Wednesday, October 23, 2019
Movie Reviews

Posted at: Feb 1, 2019, 5:16 PM; last updated: Feb 1, 2019, 5:16 PM (IST)MOVIE REVIEW - MARY QUEEN OF SCOTS

A fairly intriguing Queens’ gambit


Film: Mary Queen Of Scots

  • Cast: Saoirse Ronan, Margot Robbie, Jack Lowden, Joe Alwyn, Gemma Chan, Martin Compston, Ismael Cordova, Brendan Coyle, Ian Hart, Adrian Lester, James McArdle, David Tennant, Guy Pearce, Maria-Victoria Dragus, Eileen O'Higgins, Liah O'prey, Andrew Rothney
  • Director: Josie Rourke
A fairly intriguing Queens’ gambit
Mary Queen Of Scots

Johnson Thomas

Another historical that details the fractious relationship between the two neighbouring nations, i.e. England and Scotland, this costume drama is concentrated around how Mary, Queen of Scots, came to be beheaded. 

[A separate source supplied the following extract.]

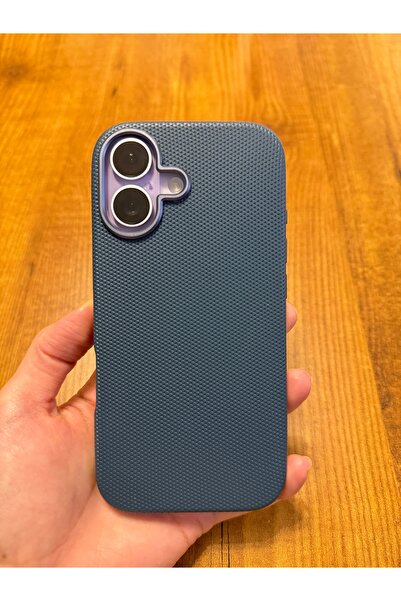 daystar İPhone 17 ile Uyumlu Örme Lacivert Deri Telefon Kılıfı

The film begins and ends with the Queen’s epochal date with the headman’s axe and takes us much deeper into the Game of Thrones that had Queen Elizabeth and Queen Mary, cousins by birth, getting entangled in court intrigue fuelled by the distrust between the respective Protestant and Catholic groups the Queens were intrinsically allied with, way back in the 16th century. The narrative finds space between the events depicted in Cate Blanchett’s second outing as Queen Elizabeth in the Shekhar Kapur directed version, concentrating largely on the power tussle that ensued following Mary’s return to Scotland following the death of her first husband, the King of France.

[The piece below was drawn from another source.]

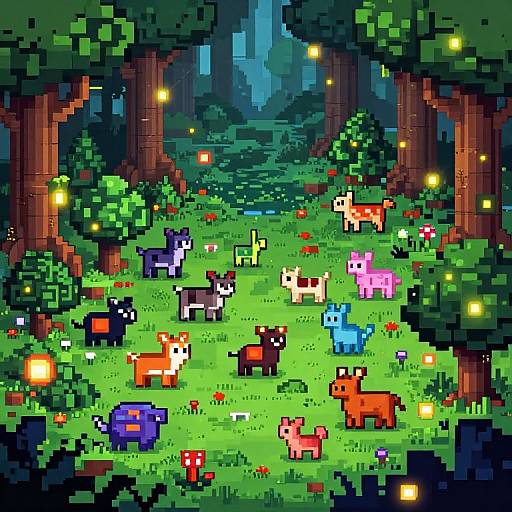 Intricate Pixelated Fantasy Forest Scene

While the narrative may not faithfully follow the official records, it does use John Guy’s biography sporadically in its efforts to put forward ideas that were disputed by the traditionalists. The first half cuts away from the beheading to establish Mary Stuart’s (Soarise Ronan) justification for her return to her roots and staking of claim to the throne of England. The film gives us a broad idea of both the Queens’ individual psyches and political positions thereof. Unfortunately there’s not much clarity or logic in the decisions that put Mary’s life at risk from the word go. As the narrative progresses, it becomes harder to imagine why Mary would put in jeopardy her own life while pitting herself against forces that are greater than even she can overcome. The confusion continues to plague and eventually, despite a tighter more sewed in second half, fails to enthuse in entirety.

Just when we are ready to buy into some sympathy for Mary’s cause, the narrative betrays the momentum by putting forward Elizabeth’s point of view. In a scene that seems more imaginary than real we see the two Queens meeting at a secret rendezvous, beguiling us with a rather inconclusive discussion on decisions that seal their individual fates. The shift destroys the affect gained thus far and the narrative gets topsy-turvy trying to empathise with contrarian positions and criminal intent. While the writing and helming appears a bit shaky, there’s no taking away from the intense performances of the two leads, the fantastic costuming and make-up and the period authenticity of the production. The film rightfully deserved the two nods for costume and make-up and could have done with two more for the finely drawn lead performances!